• [THE TASK]:
What is needed is an exact transcription of every entry below, with the pictures left out.

• [SOURCE MATERIAL]:
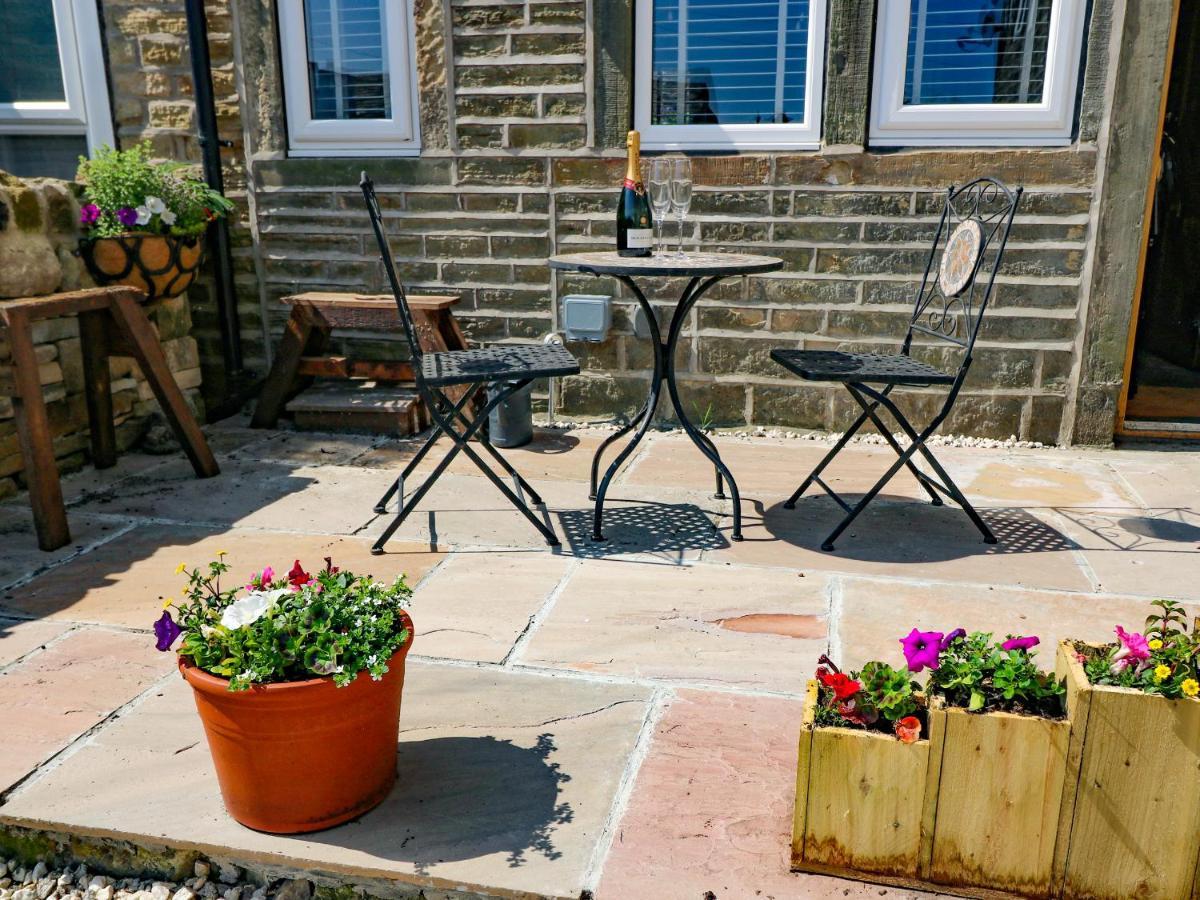 Ha'Penny Cottage Holmfirth Exterior photo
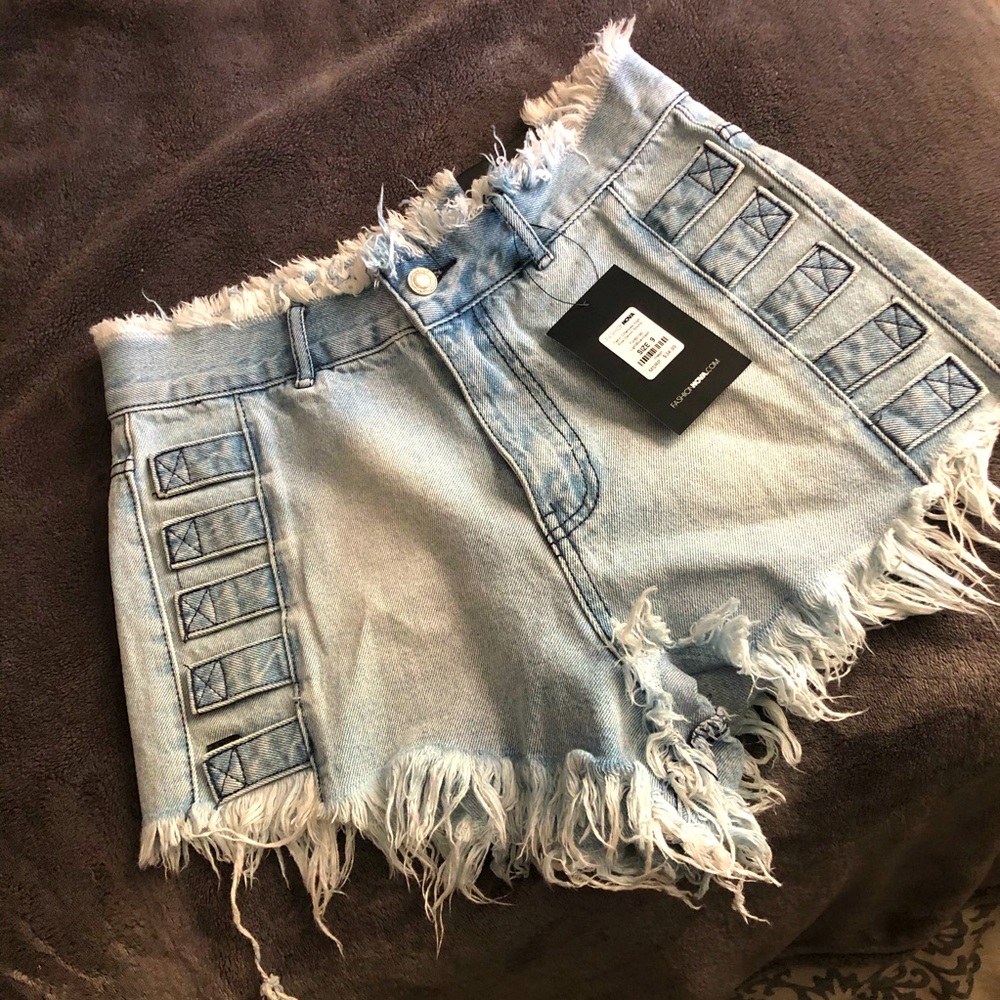 Fashion nova jean shorts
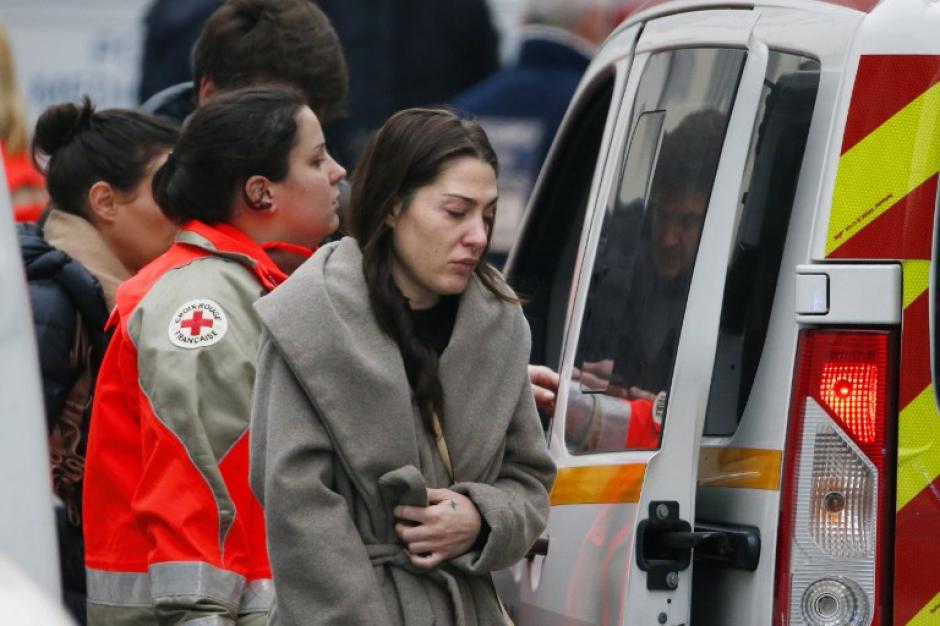 Esta mujer llora luego de ser atendida por los paramédicos al salir de la oficina de "Charlie Hebdo" que fue blanco de un ataque. (Foto: AFP)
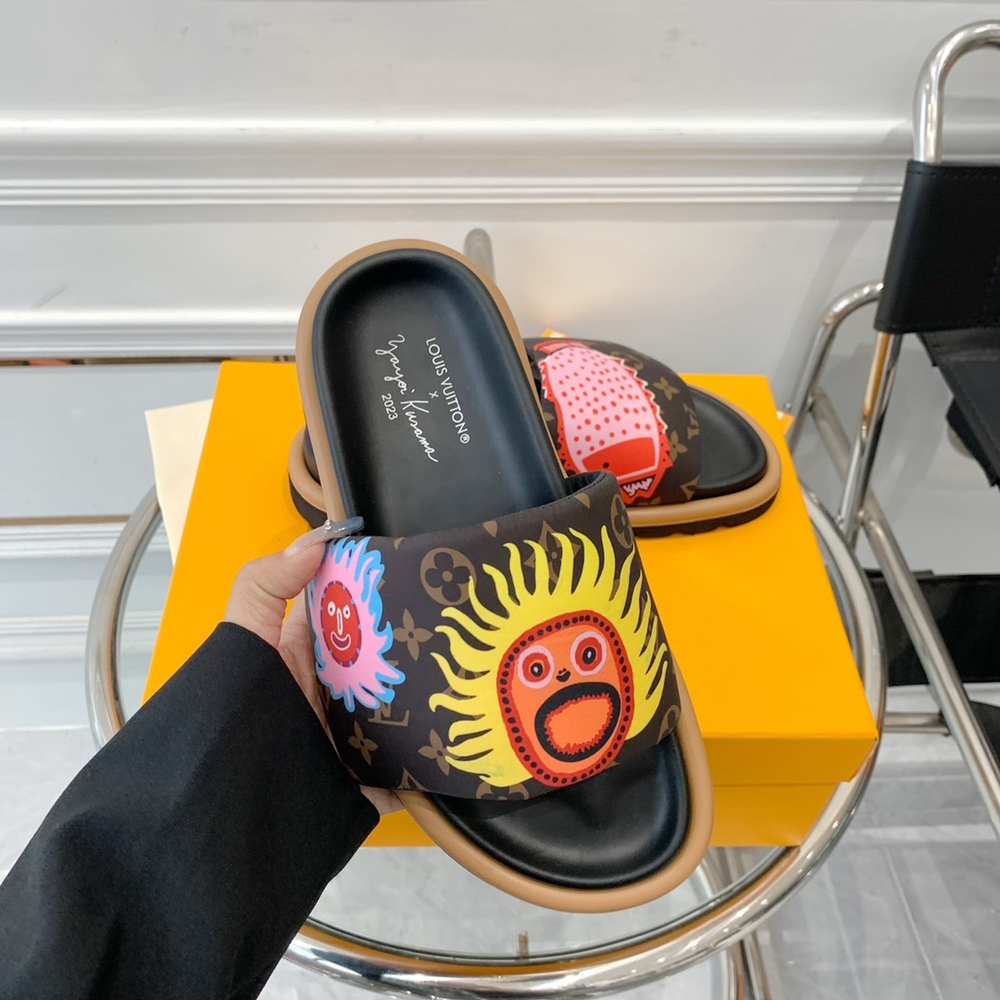Louis Vuitton Pool Pillow Flat Comfort Mule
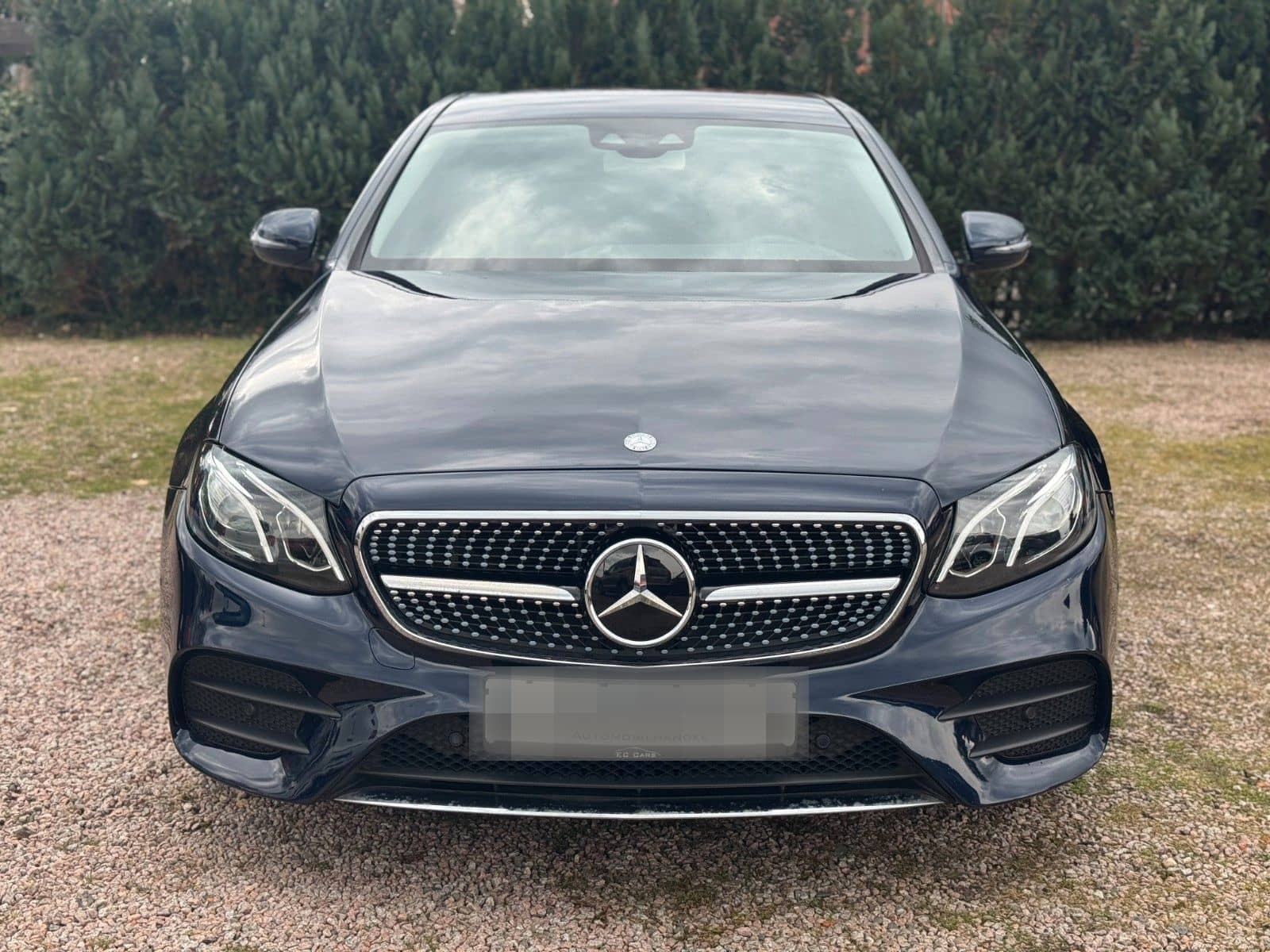 Mercedes-Benz E220d AMG Auto.*NAVI*KAMERA*SITZHZG*PDC* foto 2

• [RESULT]:
 Ha'Penny Cottage Holmfirth Exterior photo
 Fashion nova jean shorts
 Esta mujer llora luego de ser atendida por los paramédicos al salir de la oficina de "Charlie Hebdo" que fue blanco de un ataque. (Foto: AFP)
Louis Vuitton Pool Pillow Flat Comfort Mule
 Mercedes-Benz E220d AMG Auto.*NAVI*KAMERA*SITZHZG*PDC* foto 2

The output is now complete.